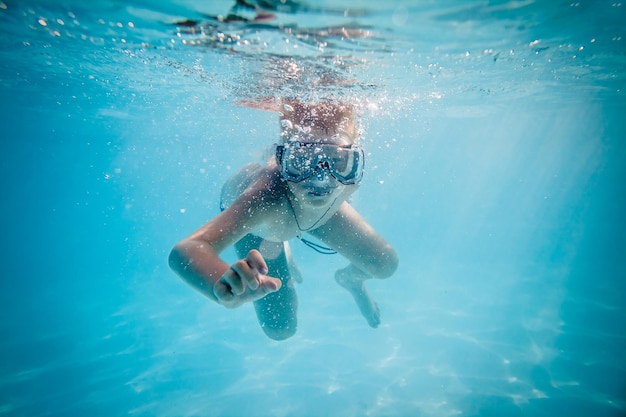 Jongen die onder water in pool zwemt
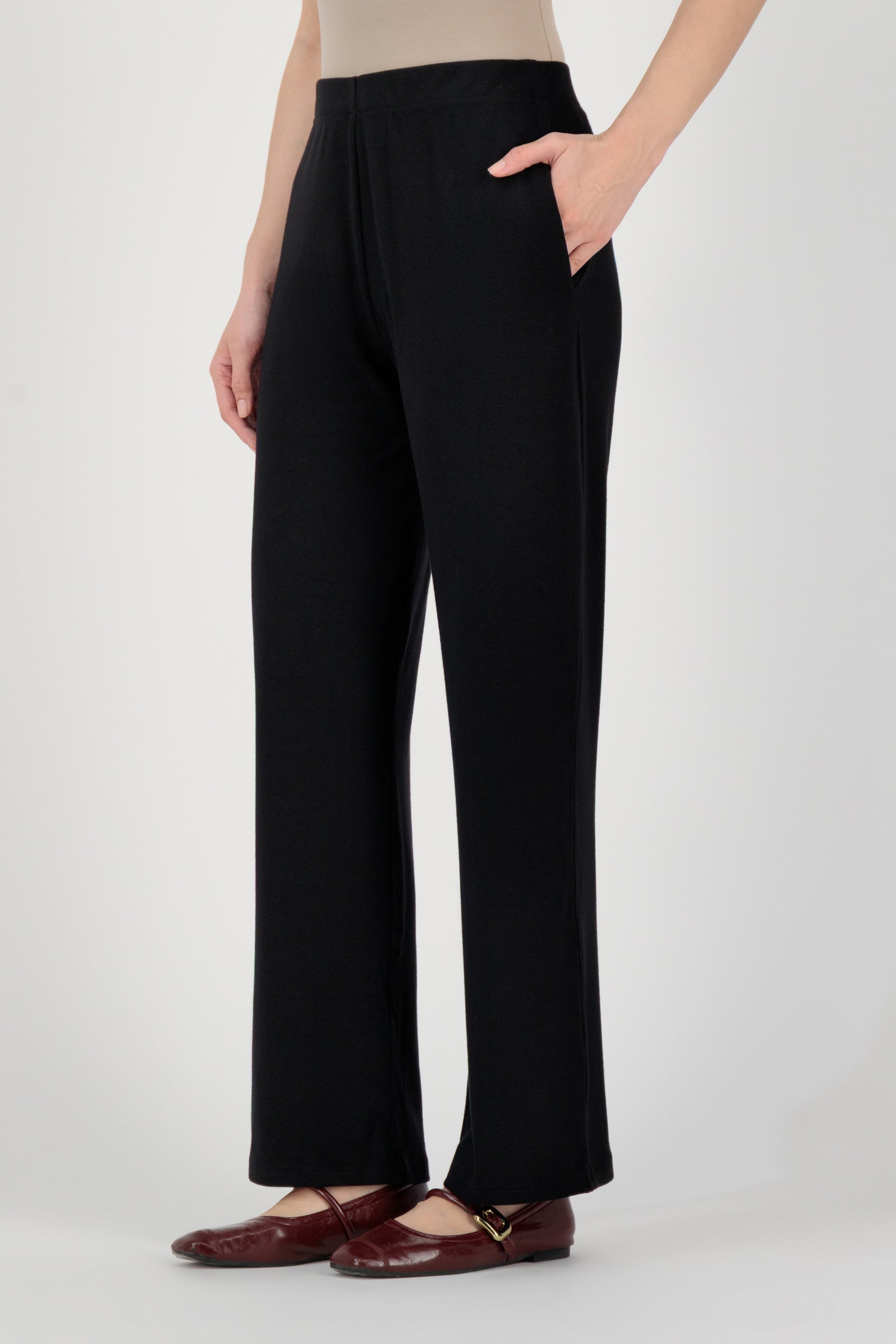 Side angle of the FARES Straight Leg Knit Pants in Black emphasizing the balanced silhouette and comfort of straight leg pants.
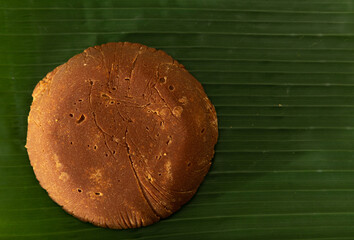 A large piece of Kithul Jaggery on a green banana leaf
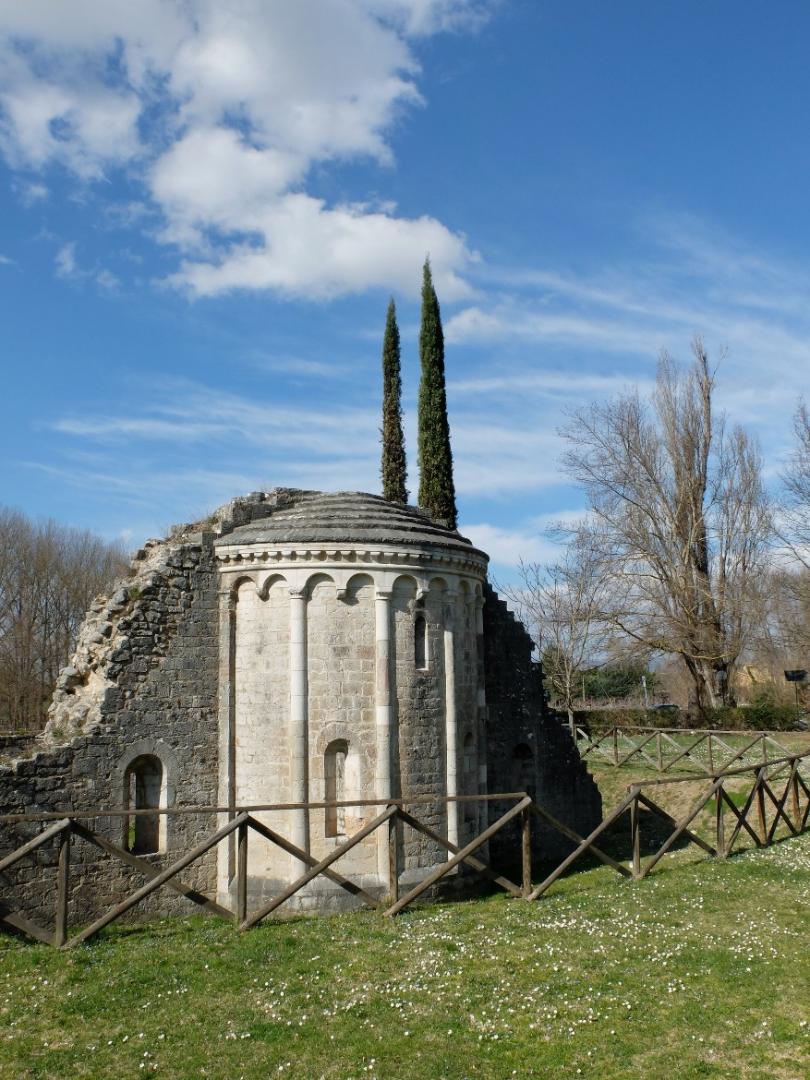 Romanesque stone apse rising from a green meadow, with two cypress trees in the background under a blue sky.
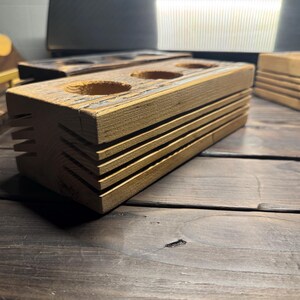 May include: A wooden organizer with three round holes, perfect for storing small items like pens, pencils, or brushes. The organizer has a rustic, reclaimed wood look and is made of natural wood.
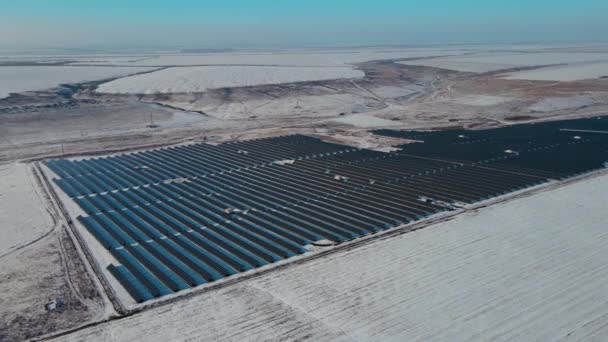 Yüzlerce mavi güneş paneli, kışın karlı tepeler ve tarlalar arasındaki büyük güneş çiftliğinde. — Stok video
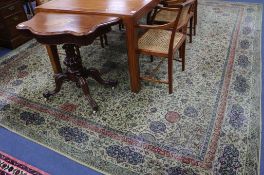 A Belgian cotton pile green ground Persian style carpet, 410 x 327cm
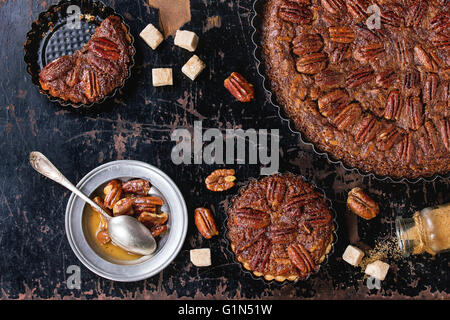 In casa grande caramel torta alle noci pecan e piccole tortine in ferro nero forme, serviti con lo zucchero di canna, la salsa di caramello e vintage Foto Stock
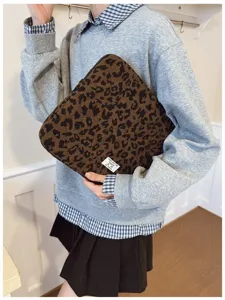 Premium leopard print laptop sleeve protector held by a model in a stylish outfit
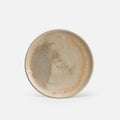 A handmade ceramic plate with a rustic, glaze featuring a mix of beige, light brown, and subtle orange-brown variations, shown on a clean white background.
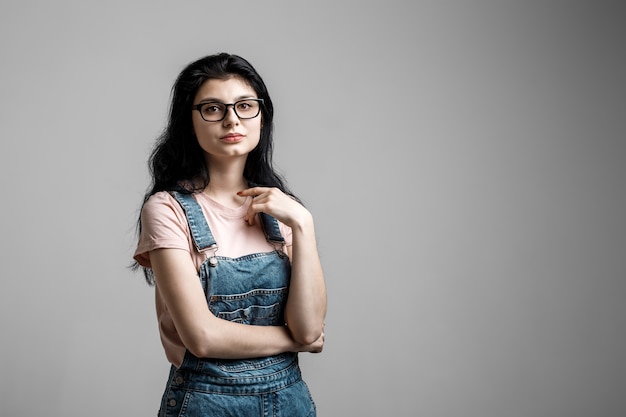 Portrait of smart beautiful brunette girl in eyeglasses with natural make-up, on grey background.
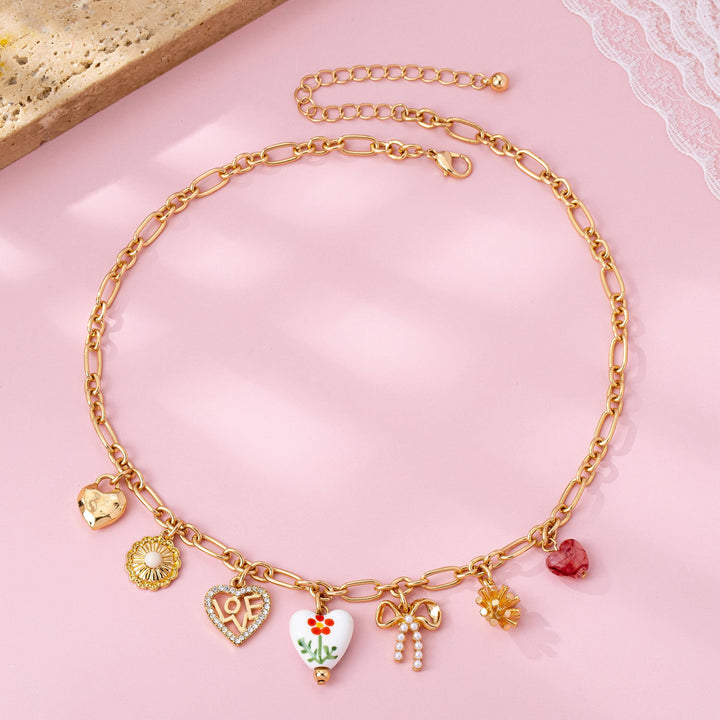 Gold Figaro Chain Multi-Charm Statement Necklace | 80N92748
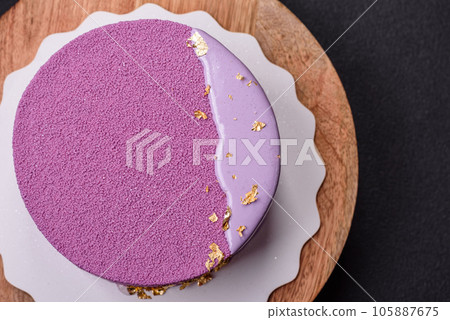 Delicious fresh sweet mousse cake with berry filling 105887675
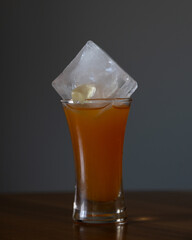 A shot glass with an ice cube and a gummi bear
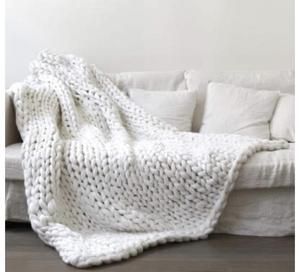 a white couch with a knitted blanket on it's back next to pillows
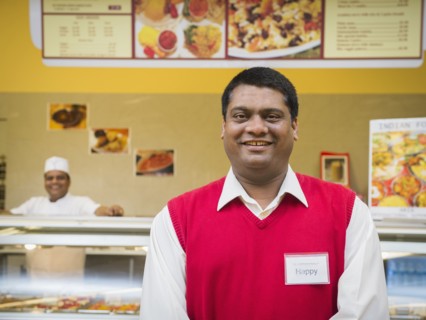Businessman smiling by restaurant counter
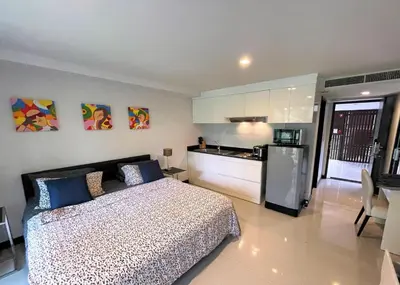 a bedroom with a bed and a kitchen with a refrigerator at Studio at Kris Condo walk to Bangtao beach 2304 in Bang Tao Beach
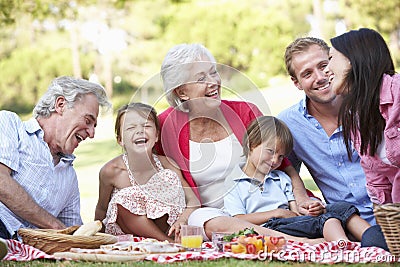 Multi Generation Family Enjoying Picnic Together Stock Photo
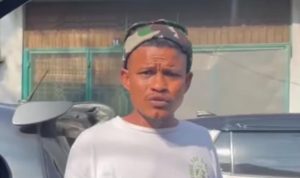 seorang pria memakai baju putih yang meminta uang parkir kepada seorang pengendara di Medan, meskipun kendaraan tersebut telah memiliki stiker parkir berlangganan.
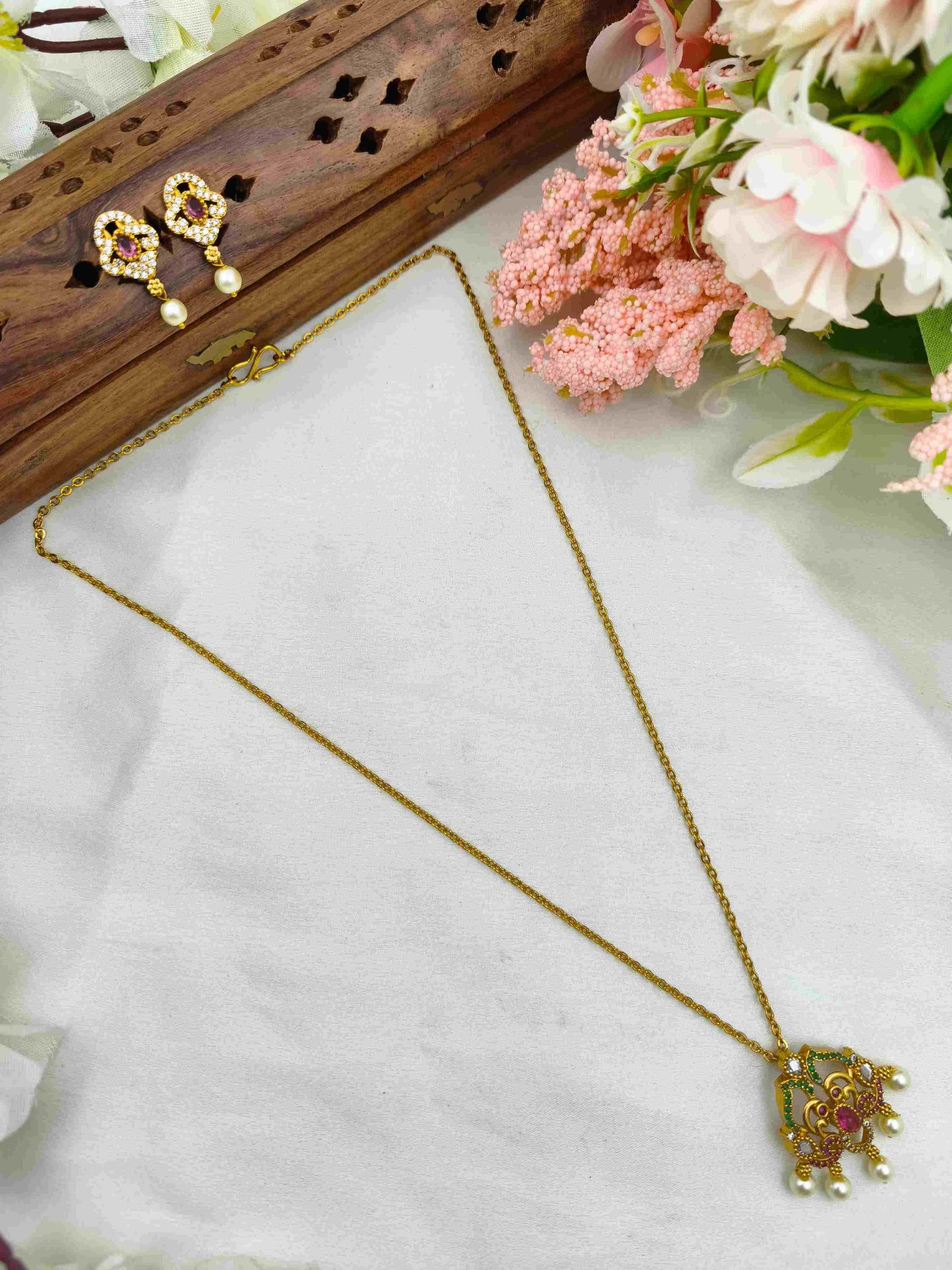 Ruby peacock pearl hanging chain
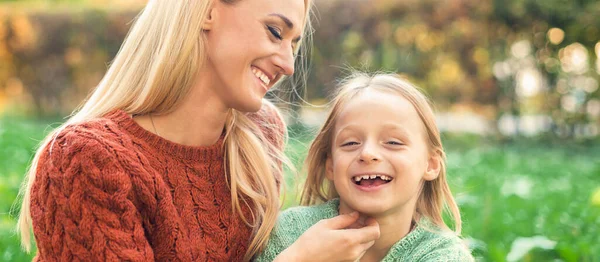 美丽的年轻的高加索母亲和小女儿在秋天公园的绿草上微笑着 — 图库照片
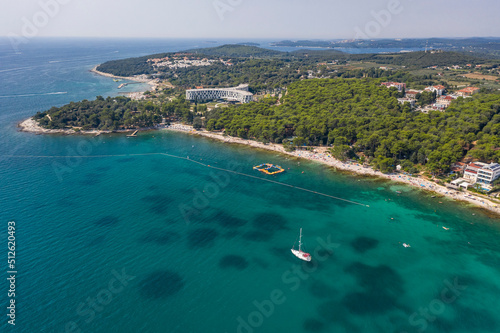 Fototapeta Naklejka Na Ścianę i Meble -  Aerial view of beach and resorts on the coast of Rovinj with green blue clear water on the Adriatic sea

========

■ WHAT TO PRODUCE:
Text only, pictures out: give every record again as written.

■ TASK OUTPUT:
 Jongen die onder water in pool zwemt
 Side angle of the FARES Straight Leg Knit Pants in Black emphasizing the balanced silhouette and comfort of straight leg pants.
 A large piece of Kithul Jaggery on a green banana leaf
 Romanesque stone apse rising from a green meadow, with two cypress trees in the background under a blue sky.
 May include: A wooden organizer with three round holes, perfect for storing small items like pens, pencils, or brushes. The organizer has a rustic, reclaimed wood look and is made of natural wood.
 Yüzlerce mavi güneş paneli, kışın karlı tepeler ve tarlalar arasındaki büyük güneş çiftliğinde. — Stok video
 A Belgian cotton pile green ground Persian style carpet, 410 x 327cm
 In casa grande caramel torta alle noci pecan e piccole tortine in ferro nero forme, serviti con lo zucchero di canna, la salsa di caramello e vintage Foto Stock
 Premium leopard print laptop sleeve protector held by a model in a stylish outfit
 A handmade ceramic plate with a rustic, glaze featuring a mix of beige, light brown, and subtle orange-brown variations, shown on a clean white background.
 Portrait of smart beautiful brunette girl in eyeglasses with natural make-up, on grey background.
 Gold Figaro Chain Multi-Charm Statement Necklace | 80N92748
 Delicious fresh sweet mousse cake with berry filling 105887675
 A shot glass with an ice cube and a gummi bear
 a white couch with a knitted blanket on it's back next to pillows
Businessman smiling by restaurant counter
 a bedroom with a bed and a kitchen with a refrigerator at Studio at Kris Condo walk to Bangtao beach 2304 in Bang Tao Beach
 Multi Generation Family Enjoying Picnic Together Stock Photo
 seorang pria memakai baju putih yang meminta uang parkir kepada seorang pengendara di Medan, meskipun kendaraan tersebut telah memiliki stiker parkir berlangganan.
 Ruby peacock pearl hanging chain
 美丽的年轻的高加索母亲和小女儿在秋天公园的绿草上微笑着 — 图库照片
 Fototapeta Naklejka Na Ścianę i Meble -  Aerial view of beach and resorts on the coast of Rovinj with green blue clear water on the Adriatic sea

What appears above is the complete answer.